The SQL wrapper returns no rows when:

| Condition | Reason |
|---|---|
| No path exists | Nothing to return |
| No weight data exists | Weighted path cannot be evaluated |

Missing per-edge weights in a weighted store default to cost `1`.

## Source-Table Search

Search is intentionally not a graph-artifact lookup. `sql_search.rs` builds SQL
over registered source tables and verifies matches against source rows. The
Rust recheck prepares query match state once and reuses it across candidate
rows so SQL/Rust predicate parity does not require per-row query normalization.

Search modes:

| Mode | Meaning |
|---|---|
| `contains` | substring match |
| `exact` | whole-value match |
| `prefix` | prefix match |
| `token` | token match |

This keeps search correctness tied to source rows and lets PostgreSQL indexes
accelerate search predicates.

## Hydration

Hydration happens after graph coordinates are known. It reads source rows by
table OID and primary key and returns JSONB. Keep hydration out of internal
traversal loops.

## Aggregation Internals

`sql_aggregation.rs` parses strict traversal JSON. It rejects unexpected keys so
callers cannot silently rely on misspelled or ignored options.

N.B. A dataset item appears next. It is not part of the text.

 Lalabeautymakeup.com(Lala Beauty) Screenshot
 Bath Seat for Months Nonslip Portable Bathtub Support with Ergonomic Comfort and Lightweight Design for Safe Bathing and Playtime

The aggregation path can operate on:

| Scope | Internal behavior |
|---|---|
| returned nodes | Traverse and aggregate reached coordinates |
| chosen parent path | Expand traversal rows to selected parent path |
| all possible paths | Enumerate paths with a hard count cap |

Path enumeration must stay capped. Do not add an unbounded aggregate mode.
All-path aggregation hydrates each unique coordinate once, then groups hydrated
rows by table so repeated path occurrences can use borrowed node-id lookups.
Chosen-parent-path aggregation keeps a borrowed cache over traversal rows and
only clones hydrated JSON for rows it emits.